The Pakistan Association of Large Steel Producers (PALSP) has addressed a letter to relevant ministries highlighting the vital role played by the steel industry in Pakistan’s economy. The industry employs over 300,000 individuals and supports downstream sectors, influencing 7.5 million jobs across various industries.
However, the industry faces a severe liquidity crunch due to reduced working capital and weakened purchasing power resulting from substantial capital requirements. This situation has led to the closure of numerous small to medium-sized steel mills, causing significant job losses. The high-interest rates, currently standing at 22%, threaten the steel industry’s sustainability, potentially leading to a national unemployment crisis that demands immediate attention from the Government.

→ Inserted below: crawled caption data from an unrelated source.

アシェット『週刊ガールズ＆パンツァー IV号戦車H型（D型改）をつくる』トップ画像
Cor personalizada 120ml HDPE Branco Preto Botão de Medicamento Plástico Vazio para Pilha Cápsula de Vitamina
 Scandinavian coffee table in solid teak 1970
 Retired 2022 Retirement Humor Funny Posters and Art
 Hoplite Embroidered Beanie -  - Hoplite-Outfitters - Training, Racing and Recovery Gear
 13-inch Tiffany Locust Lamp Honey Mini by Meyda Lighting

Pakistan’s domestic steel industry is rendered uncompetitive by the high-interest rates compared to other countries. For instance, neighboring countries enjoy significantly lower rates, such as 6.5% in India, 3.45% in China, 6.5% in Bangladesh, 2.5% in Thailand, 6% in Indonesia, 3.65% in Vietnam, 10% in Sri Lanka, 1.875% in Taiwan, and 3% in Malaysia.
These high-interest rates make it challenging for the steel industry to access credit from financial institutions, leading to stalled expansions and discouraging steel manufacturers from further investments. Consequently, the once-promising growth of existing industries has come to a standstill.
A recent report by JS Global underscores the need for action, stating that real interest rates have turned positive since September 2023 and are expected to experience a significant expansion with the current Policy Rate at 22%. In the absence of negative CPI surprises, the SBP has an opportunity to initiate monetary easing sooner than anticipated.
PALSP Secretary General Wajid Bukhari emphasizes the urgency of the situation, stating that the government of Pakistan’s debt servicing has surged to PKR 7.6 trillion, consuming the majority of the net income of the Federal Government. These rates are unsustainable, and the SBP must act promptly to create fiscal space for government infrastructure projects, crucial following the recent floods in Pakistan.
Bukhari highlights the broader impact, stating that the government must recognize the gravity of the crisis and implement immediate measures to support businesses and encourage investment in the country. Implementing business-friendly policies is not just about preserving jobs in the steel industry; it is crucial for the overall economic well-being of Pakistan.